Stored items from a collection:
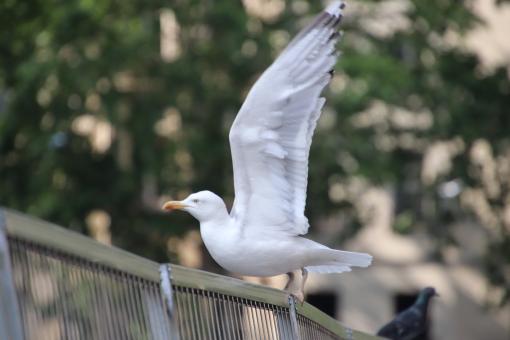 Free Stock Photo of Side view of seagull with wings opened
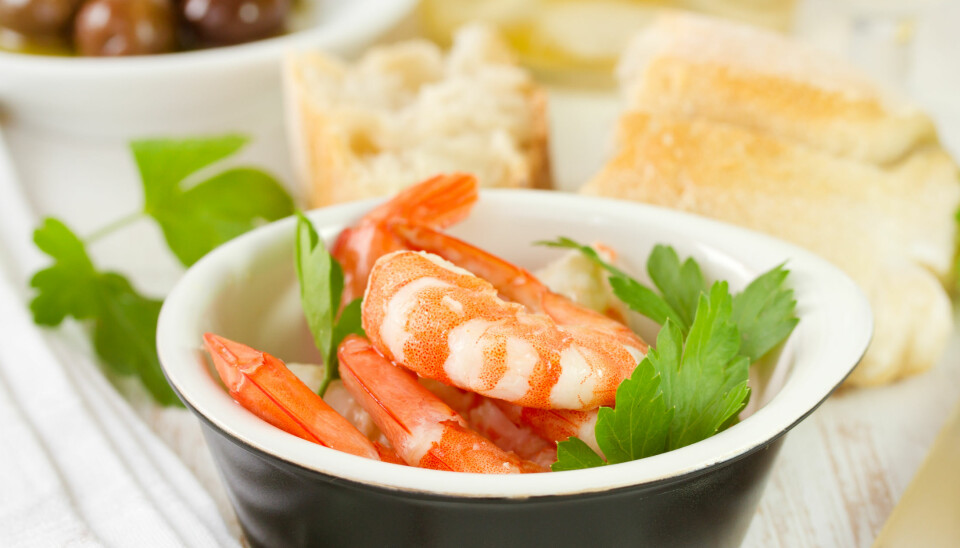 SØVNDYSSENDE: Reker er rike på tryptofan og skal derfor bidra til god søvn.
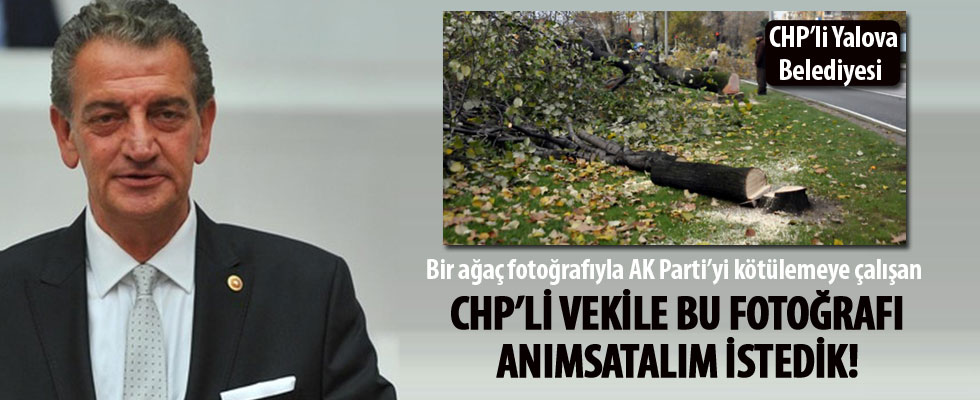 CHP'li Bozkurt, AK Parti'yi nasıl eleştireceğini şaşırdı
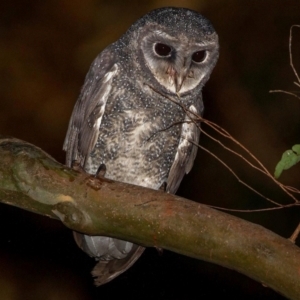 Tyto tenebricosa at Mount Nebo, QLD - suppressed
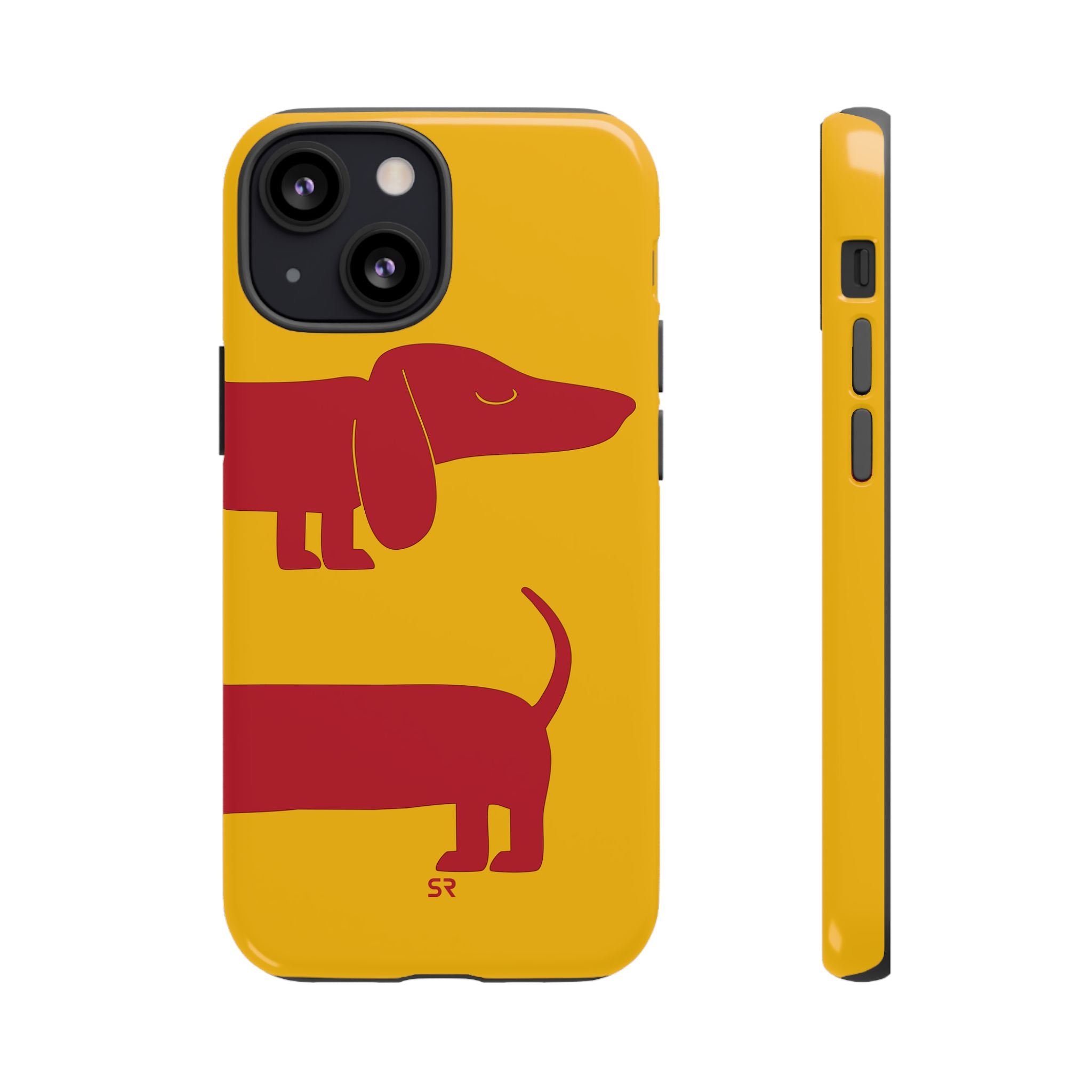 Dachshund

**Work to complete:**
Print exactly, and print only, the lines from the line with "Tyto tenebricosa at" through the last line of the entries, both ends included. No pictures belong in the result.

**Answer to this problem:**
 Tyto tenebricosa at Mount Nebo, QLD - suppressed
 Dachshund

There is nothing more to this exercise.